Faktor penghambat kemampuan berpikir kritis siswa kelas IV dalam menyelesaikan soal cerita berbasis HOTS
Amaliah Fatimatunisa;
Fida Rahmantika Hadi;
Fauzatul Ma’rufah Rohmanurmeta
Prosiding Konferensi Ilmiah Dasar Vol 3 (2022): Peran PGSD dalam mempersiapkan kurikulum merdeka pada era 5.0
Publisher : Universitas PGRI Madiun
Show Abstract
|
Download Original
|
Original Source
|
Check in Google Scholar
Penelitian ini bertujuan untuk mendiskripsikan faktor penghambat kemampuan berpikir kritis siswa dalam menyelesaikan soal Higher Order Thinking Skill (HOTS) atau soal dengan kemampuan berpikir tingkat tinggi. Jenis penelitian yang digunakan adalah penelitian deskriptif kualitatif, dengan menggunakan pendekatan study kasus.

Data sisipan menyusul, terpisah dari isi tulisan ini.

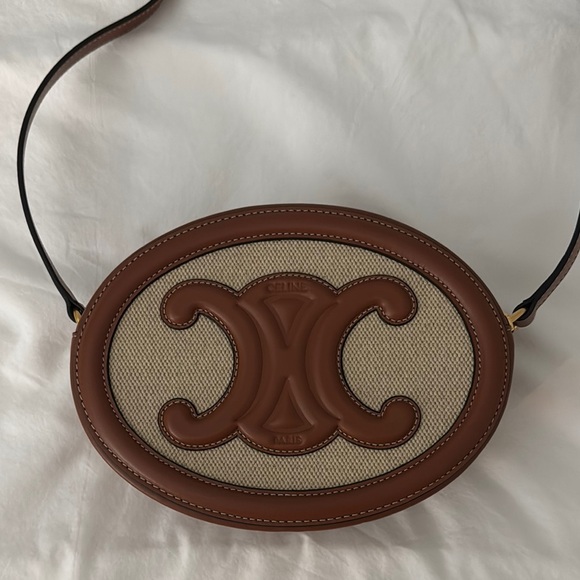 Celine Triomphe Oval Crossbody - Picture 1 of 8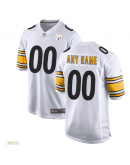 Men's Nike White Pittsburgh Steelers Custom Game Jersey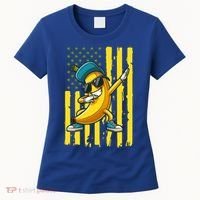 Banana Lover Retro American Flag Dabbing Women's T-Shirt thumb 0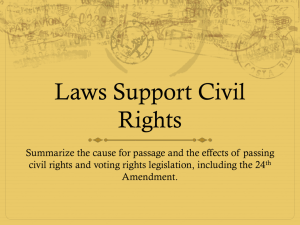 Laws Support Civil Rights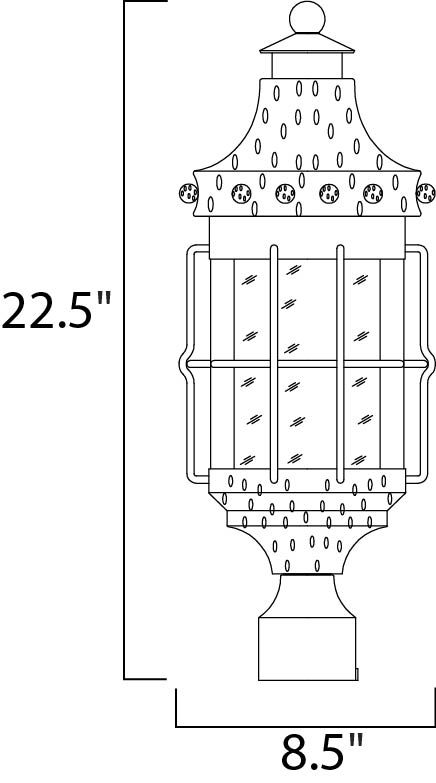 Maxim Lighting 30080CDCF  Nantucket Outdoor Country Forge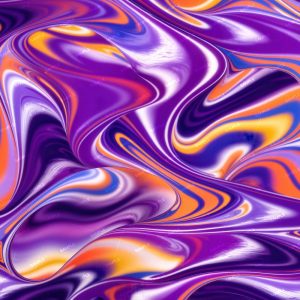 Purple Orange Paint Swirl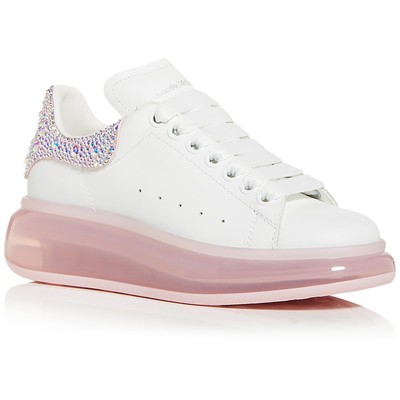 Pre-owned Alexander Mcqueen Womens Larry Casual And Fashion Sneakers Shoes Bhfo 0083 In White/porcelain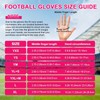 RIGWARL Football Gloves Men, Youth & Adult Football Gloves, Performance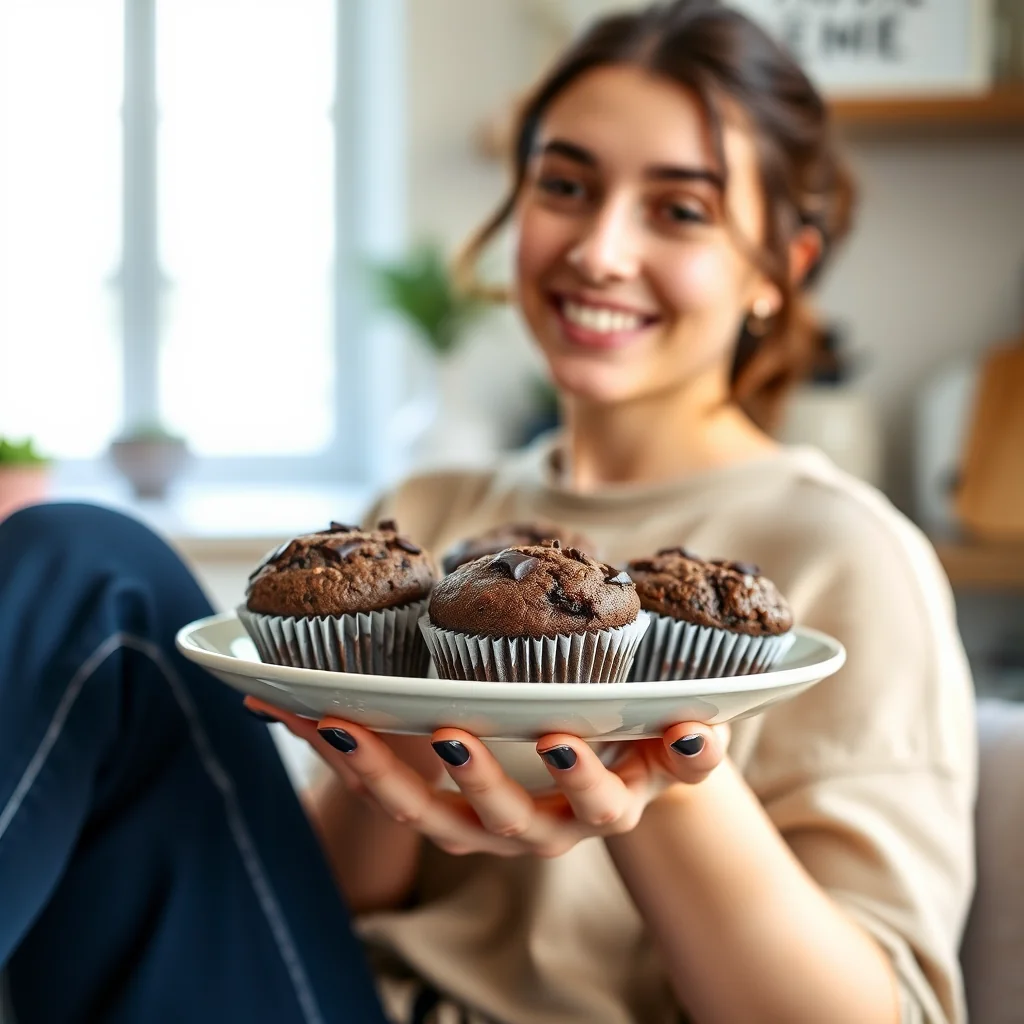 Keto Chocolate Zucchini Muffins – vegetarian recipe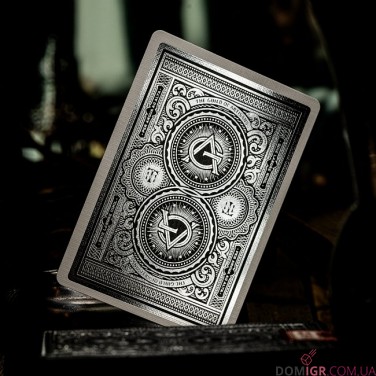 Гральні карти Theory 11 —  Artisan Silver Edition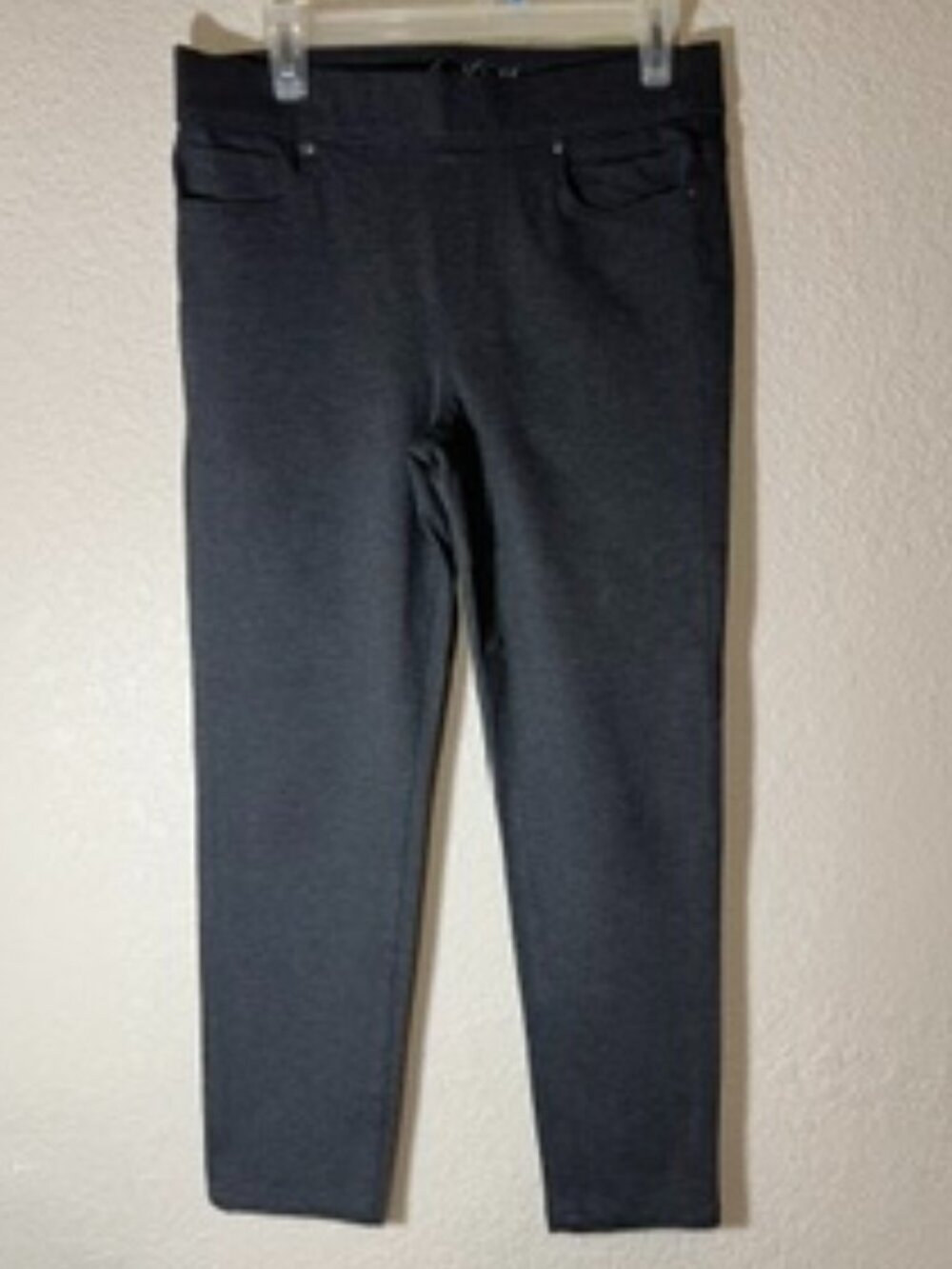Gloria Vanderbilt All Around Slumming Effect Avery Heather Grey pants #2113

Penelitian dilakukan di SD Negeri 01 Taman, Subjek yang digunakan dalam penelitian ini sebanyak 6 orang siswa dari 28 siswa yang diambil dari kelas IV A, yaitu 2 siswa dari kategori kemampuan berpikir kritis sedang, 2 siswa dengan kategori berpikir kritis rendah, dan 2 siswa dengan kategori berpikir kritis tinggi. Pengambilan subjek berdasarkan hasil tes yang diberikan guru kepada siswa. Materi bangun datar diberikan kepada siswa untuk melihat kemampuan berpikir kritis siswa dalam menyelesaikan soal HOTS. Hasil penelitian menunjukkan kemampuan berpikir kritis siswa dalam menyelesaikan soal HOTS materi bangun datar dari 5 soal yang diberikan masih tergolong rendah. Berdasarkan hasil tes, wawancara. dan observasi dari keenam subjek menunjukkan bahwa sebagian subjek merasa kesulitan dan bingung disaat memasuki tahap menganalisis dan mengevaluasi. Siswa sering lupa dengan rumus-rumus dan konsep yang terikat dengan soal- soal tersebut sehingga menyulitkan mereka untuk menyelesaikan soal apalagi soal yang berbentuk soal HOTS yang lebih bersifat kontekstual dan membutuhkan kemampuan untuk menganalisis serta mengevaluasi yang tinggi.